Can Leo learn from the context to spell someone's name correctly?

Homoeopathy is the subject of two letters that Leo transcribed for me. In the first letter, homoeopathy and related words are all spelled correctly, but Hahnemann, who even Google’s often-clueless AI bot recognizes as the founder of homoeopathy, shows up as Kuhnemann and Nahmemann. In the next letter it’s Nahnemann, while homoeopathy is again usually spelled correctly (although in one case someone is identified as a “hauncopathist”). Perhaps Leo could be taught to figure out that a name ending “ahnemann” in a letter filled with homoeopathy references starts with H? (I assume this is generalizable to other relauively famous people). A realted question, regarding “hauncopathist”: can you help Leo get better at scanning other words in a document to find a match, when the word it came up with isn’t a word? This happened in a different letter where “sensuous” was transcribed correctly at the top of the page but came out as “ruminous” later in the document.

I see what you mean about Hahnemann/ Kuhnemann/ Nahmemann. I think the fundamental problem here is that Leo isn’t familiar with the way that e.g. H (in Hahnemann) and s/e (in sensuous) are written in this handwriting style. Our aim is to teach the model by showing it more examples of correct transcripts.

An alternative approach would be to “clean” the transcript afterwards, e.g. by plugging the raw transcript into an LLM and asking it to make conjectural corrections, based on its knowledge about the world, of homeopathy and everything else. The issue with this approach is that it is liable to overcorrection. If a letter writer makes a mistake or even uses a non-standard word, we want to provide the user with an accurate transcription that preserves that mistake rather than removing it, if you see what I mean.

Yes, I absolutely see that – my letter-writer is also not a perfect speller, and I find myself wondering if Leo is making “silent edits” without my being aware of it (since I typically only catch Leo’s mistakes via spell-checking or just eye-balling the transcript). For instance: my guy spelled “Brobdingnagian” Brobdignaggian, and Leo’s version was “Probbdignaggian.” There’s probably no perfect solution here.

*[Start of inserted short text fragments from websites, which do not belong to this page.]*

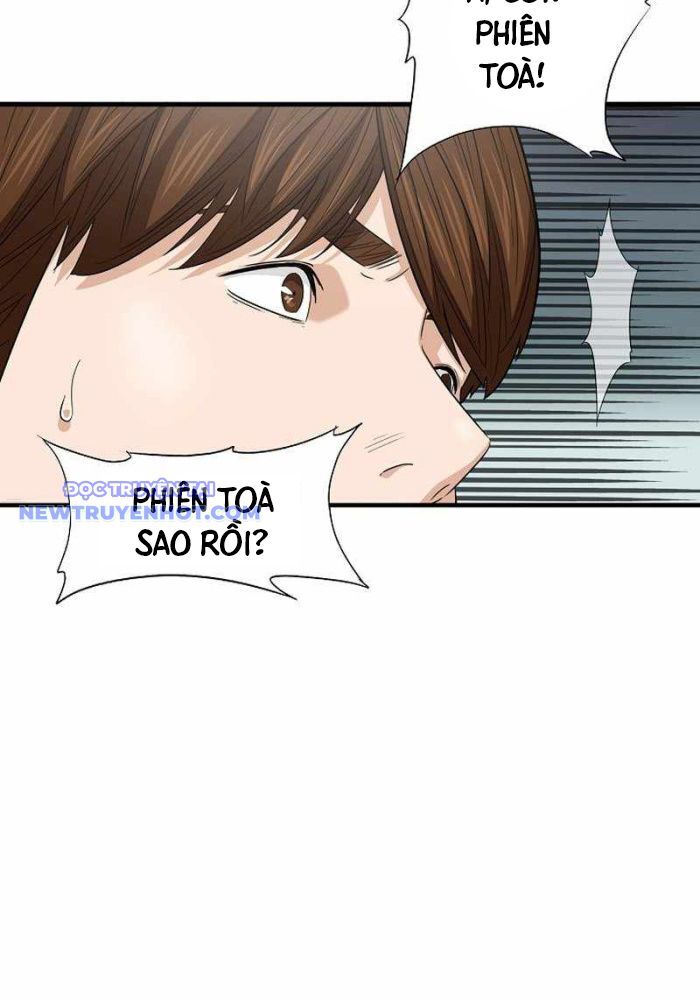 Đây Là Luật Chapter 108 - Trang 2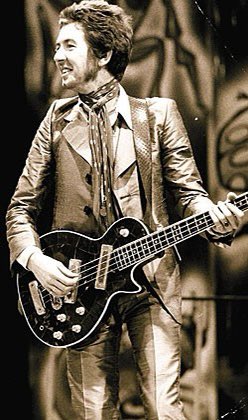 Guy Hodgkiss-Cook 🦡 tweet media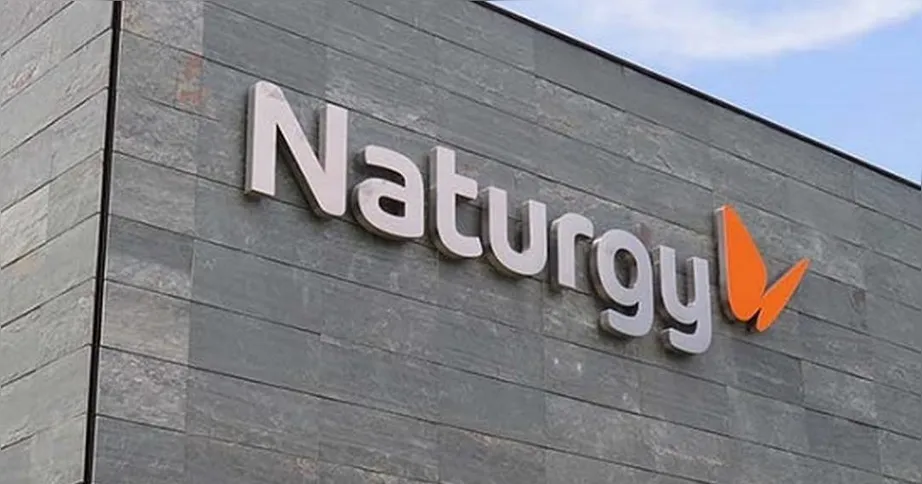 Agência da Naturgy, em Niterói, não funcionará na terça (21) e quinta-feira (23)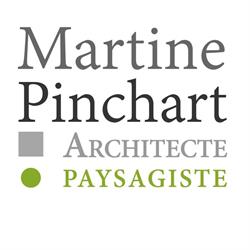 Martine Pinchart - Architecte Paysagiste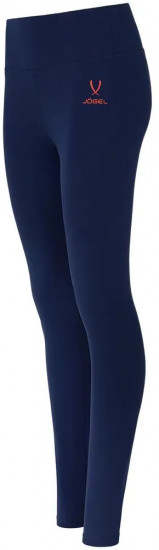 Легинсы женские «Tights W»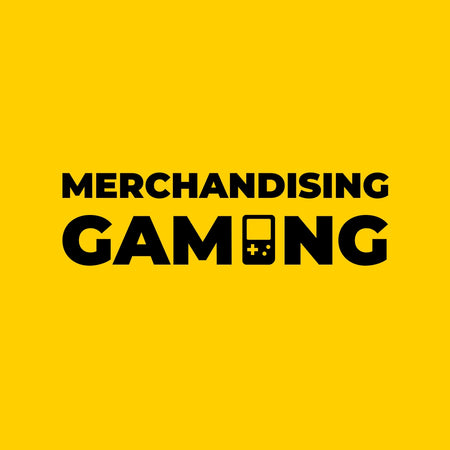 Merchandising Gaming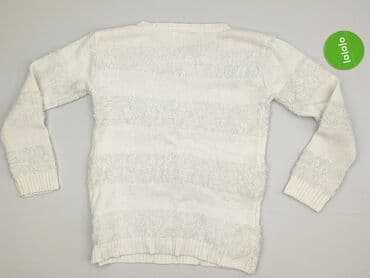 n every day sweter: Sweter damski, rozmiar L — 3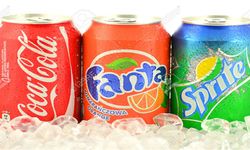 Coca-Cola, Fanta, Sprite dahil 26 milyon şişe toplatılıyor!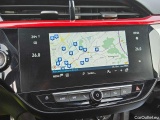  Opel  Corsa-e -  2 #6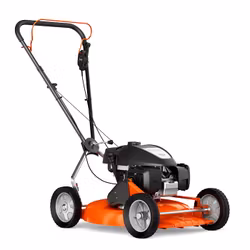 Husqvarna Gräsklippare, KLIPPO LB 453s
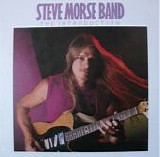 Morse, Steve - The Introduction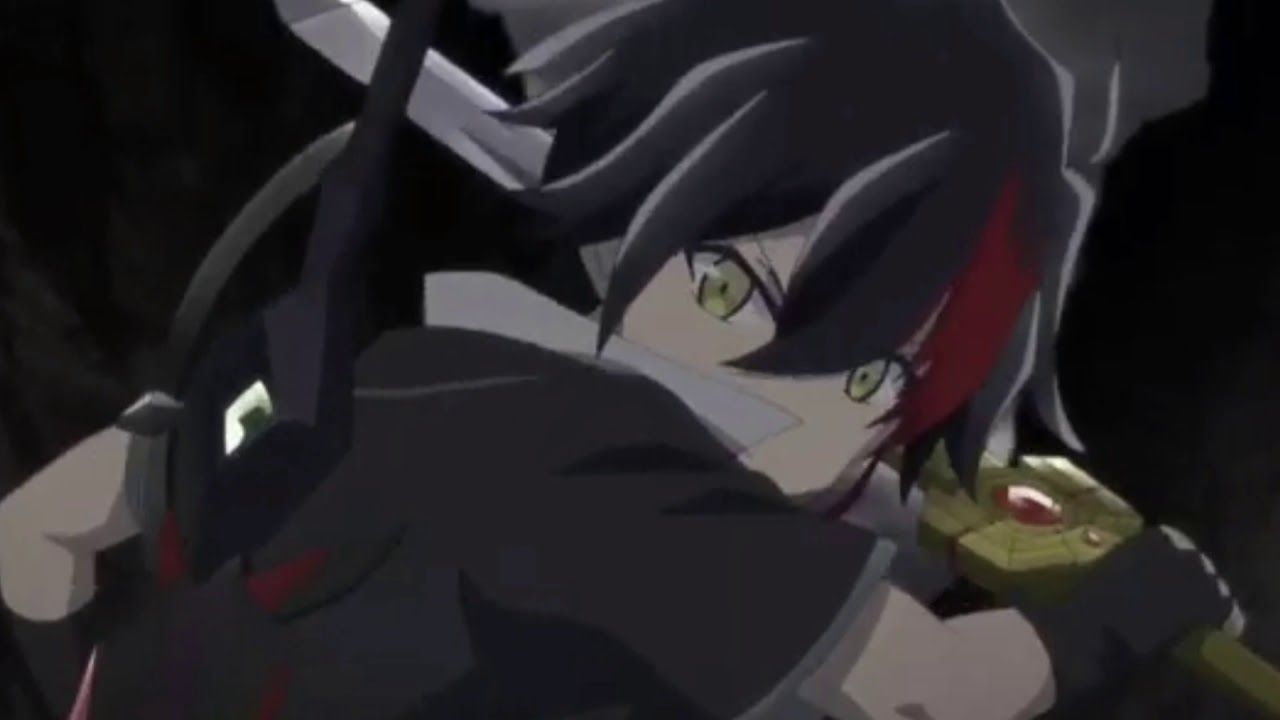 Shironeko Project Zero Chronicle Episode 10 Release Date And Time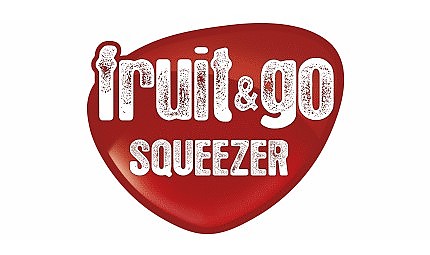Logo Squeezer
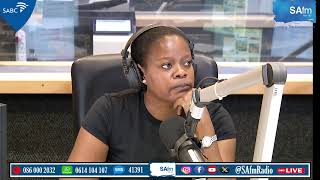 Download lagu The Madlanga Commission of Inquiry live on #SAfmTalkingPoint mp3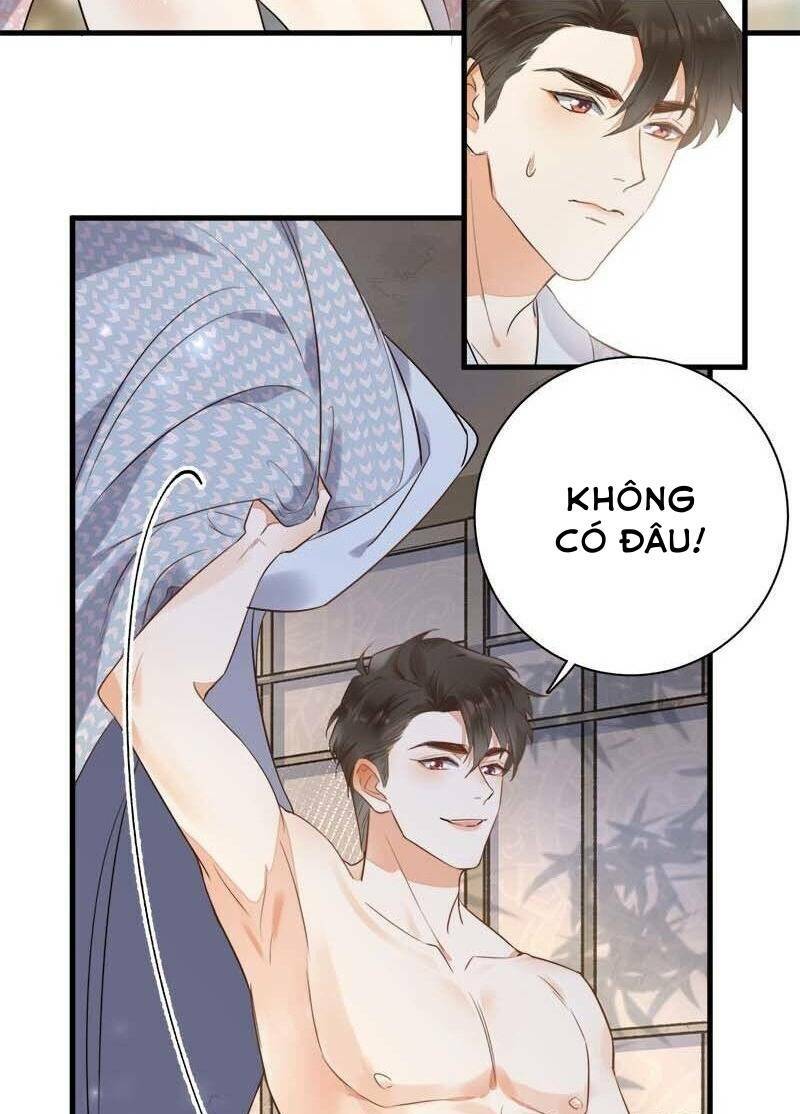 Chương 2 - Trang 21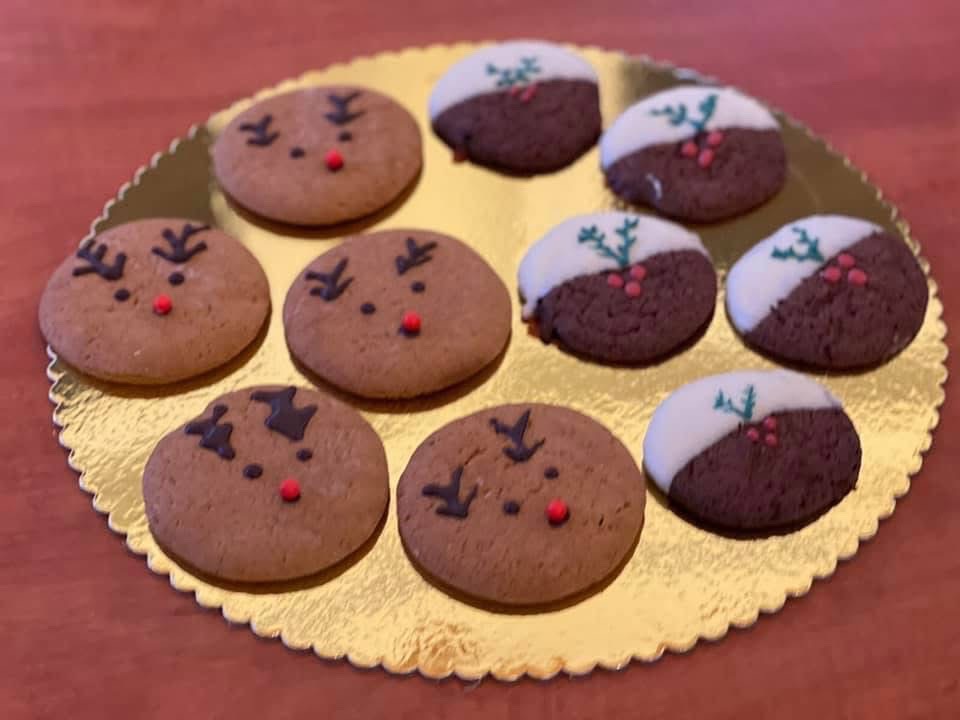 xmas termék 4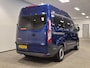 Ford Transit Custom L1H2 Rolstoelbus Automaat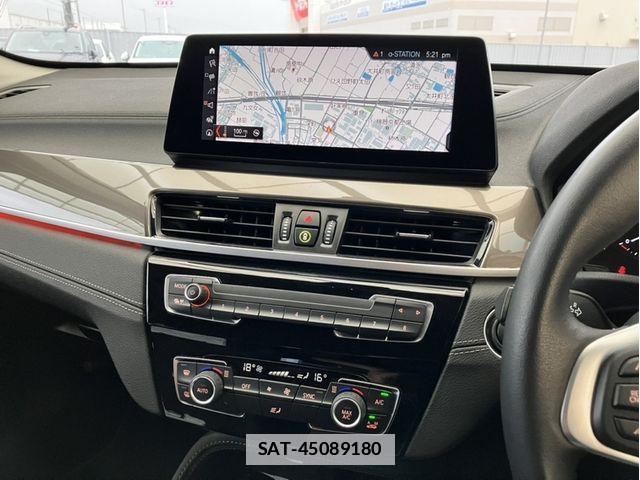 Bmw X1 2021-12 7721596-8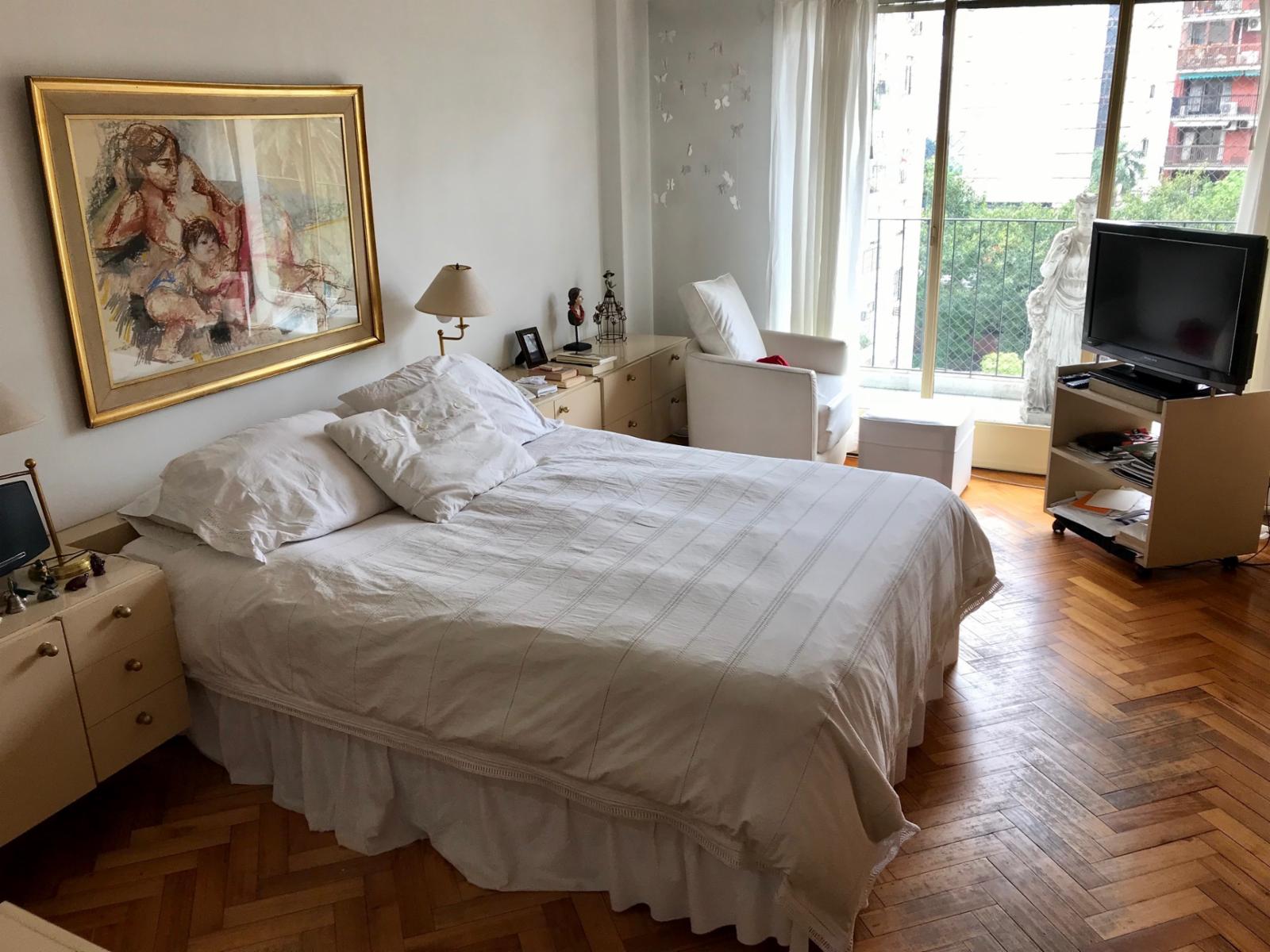Esmeralda 1200 · Barrio Norte — foto 15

I guess what I was getting at, though, is that you might be able to train Leo to search within a document for contextual clues when he runs into a word where the transcription is not a word (e.g. ruminous), since words tend to reappear in the same document; or, assuming he got Hahnemann right once, he might be able to make the homoeopathy connection and correct the ones he got wrong…

I definitely think using more context clues, both from other images in the same document and from item-level metadata as you suggested elsewhere, is very smart and I’ll talk to Jack about how we can do it. One challenge is that it’d be more expensive due to extra GPU time, so maybe we’d need to introduce some kind of supercharged transcription setting (like ChatGPT’s “Deep Research”) that costs a little extra.

A couple of other points:

  • We plan to highlight token-level confidence scores to assist users in reviewing transcripts. So if Leo isn’t sure about “Probbdignaggian”, that’ll be highlighted for review. @Laura_Nelson helpfully suggested this a while ago here.
  • Something else that we’re currently working on, which would address this issue for larger datasets, is the ability for users to fine-tune Leo by correcting transcriptions. The current plan depends on users correcting whole transcripts, as explained below. But ideally in the future Leo would also learn from single-word/ smaller corrections too.

This feedback is really helpful for us to think through these problems so thank you!